Speculation grew over a policy rate cut on Friday as the nation’s two top policy makers held private discussions while the aftershocks of China’s financial crisis continue to threaten the Korean economy.

The biggest question lingering in the Korean stock market is whether Finance Minister Choi Kyung-hwan will request another easing of monetary policy from Bank of Korea Governor Lee Ju-yeol, as it is evident that the economy is decelerating quickly while growth in China, the country’s biggest trade partner, is also cooling quickly.

A similar request was made by the finance minister when they met for the first time in July 2014 when Choi took the helm as the nation’s top economic policy maker. The meeting led to an immediate policy rate cut by the central bank the following month.

The two met for a second time in September 2014 in Sydney, Australia, when they were attending the G20 finance ministers and central bank governors’ conference. After the G20 meeting the Korean central bank shaved off another 0.25 percentage point on the policy rate; bringing it down to 2 percent.

Since then, the central bank has made two more additional rate cuts; one in March followed by another in June to lower the rate to an all-time record low of 1.5 percent.

The situation that the Korean economy is facing in the second half seems to be a repeat of a year earlier.

The economy ?? which appeared to have been making a recovery since the government and the central bank pursued aggressive economic expansionary measures including policy rate cuts ?? took a negative turn in June with the outbreak of Middle East respiratory syndrome.

The economy, which reported a quarterly growth of 0.8 percent in the first three months of this year, nosedived to 0.3 percent in the following April-June period.

In July the economy seemed to be normalizing, until the China crisis hit Korea and the rest of the world.
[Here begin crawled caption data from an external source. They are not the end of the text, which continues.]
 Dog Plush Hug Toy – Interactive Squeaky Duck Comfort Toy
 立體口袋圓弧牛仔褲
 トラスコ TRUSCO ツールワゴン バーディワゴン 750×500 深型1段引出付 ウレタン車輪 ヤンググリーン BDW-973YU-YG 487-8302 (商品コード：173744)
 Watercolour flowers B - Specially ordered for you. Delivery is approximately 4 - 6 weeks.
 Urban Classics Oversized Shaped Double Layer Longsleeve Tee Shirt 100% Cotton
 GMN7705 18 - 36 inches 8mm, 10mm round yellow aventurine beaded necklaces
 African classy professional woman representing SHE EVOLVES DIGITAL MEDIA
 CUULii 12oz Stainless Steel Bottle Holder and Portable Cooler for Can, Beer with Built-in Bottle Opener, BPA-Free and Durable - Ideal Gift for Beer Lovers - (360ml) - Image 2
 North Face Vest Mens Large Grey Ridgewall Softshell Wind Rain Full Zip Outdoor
The jitters from China’s tumbling markets now raise the question of whether the Korean economy could achieve the 2.8 percent growth projected by the central bank let alone the 3 percent target set by the Ministry of Strategy and Finance.

In fact, Moody’s recently joined other financial institutions in lowering its growth outlook for Korea to 2.5 percent from its previous projection of 2 percent.

Some analysts say the problem is that the government is looking at the situation in the wrong direction.

“The biggest contributors to the slowing of Korea’s economy is struggling exports that started from the beginning of this year and expanding with each passing month,” said Jeong Yong-taek, an IBK analyst.

He said the problem was not due to sluggish consumer spending caused by Middle East respiratory syndrome and that recent government moves to temporary spur people to open their wallets by lowering the so-called “individual consumption tax” on expensive and nonnecessary products like automobiles, premium electronic goods and scented candles is not the ultimate solution.

“The fact that [the government] is looking at the economic flow in the wrong direction means that their countermeasure is not appropriate,” Jeong added.

“What the government should be focused on is not temporary measures like adjusting the individual consumption tax but rather [they should] start by finding solutions to boost struggling exports.

“We are at a point where we have to take actions on [export goods] price competitiveness such as lowering the key rate or depreciate our currency value.”

Although both the finance ministry and the central bank said in a press statement that the latest meeting was meaningful, they tried to downplay the significance behind it, stressing it is nothing more than a friendly gathering to improve relations between the two institutions.